[Source data]
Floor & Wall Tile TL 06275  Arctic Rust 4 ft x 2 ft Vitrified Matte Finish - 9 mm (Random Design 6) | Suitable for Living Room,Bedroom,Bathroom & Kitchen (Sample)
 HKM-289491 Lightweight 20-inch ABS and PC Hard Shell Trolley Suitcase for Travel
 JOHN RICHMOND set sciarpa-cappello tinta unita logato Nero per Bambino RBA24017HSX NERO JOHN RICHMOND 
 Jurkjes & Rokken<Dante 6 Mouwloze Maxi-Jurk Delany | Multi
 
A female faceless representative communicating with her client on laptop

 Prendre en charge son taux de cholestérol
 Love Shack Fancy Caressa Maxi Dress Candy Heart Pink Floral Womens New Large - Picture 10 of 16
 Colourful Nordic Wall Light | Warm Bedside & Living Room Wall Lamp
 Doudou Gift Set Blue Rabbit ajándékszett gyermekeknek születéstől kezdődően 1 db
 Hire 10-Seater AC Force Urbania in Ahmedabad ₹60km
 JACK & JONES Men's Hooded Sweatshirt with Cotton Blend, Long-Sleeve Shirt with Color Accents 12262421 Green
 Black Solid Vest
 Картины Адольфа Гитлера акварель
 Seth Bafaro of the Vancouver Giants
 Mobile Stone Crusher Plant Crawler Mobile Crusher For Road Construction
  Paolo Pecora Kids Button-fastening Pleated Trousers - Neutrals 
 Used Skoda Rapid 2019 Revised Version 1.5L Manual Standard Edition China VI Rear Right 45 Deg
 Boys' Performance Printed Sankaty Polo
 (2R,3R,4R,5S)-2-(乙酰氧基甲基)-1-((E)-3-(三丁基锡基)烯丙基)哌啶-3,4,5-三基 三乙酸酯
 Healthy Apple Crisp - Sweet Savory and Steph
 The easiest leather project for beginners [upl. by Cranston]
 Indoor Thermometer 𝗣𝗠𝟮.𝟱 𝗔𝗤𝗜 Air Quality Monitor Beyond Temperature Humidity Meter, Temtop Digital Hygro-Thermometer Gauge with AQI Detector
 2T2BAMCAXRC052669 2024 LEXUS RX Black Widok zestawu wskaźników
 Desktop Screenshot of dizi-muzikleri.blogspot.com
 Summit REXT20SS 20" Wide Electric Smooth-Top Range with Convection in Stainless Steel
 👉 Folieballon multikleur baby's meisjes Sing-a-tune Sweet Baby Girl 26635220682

» **Problem to solve**:
Identify each line in the entries with the word "Room" and copy it.

» **Reply**:
Floor & Wall Tile TL 06275  Arctic Rust 4 ft x 2 ft Vitrified Matte Finish - 9 mm (Random Design 6) | Suitable for Living Room,Bedroom,Bathroom & Kitchen (Sample)
 Colourful Nordic Wall Light | Warm Bedside & Living Room Wall Lamp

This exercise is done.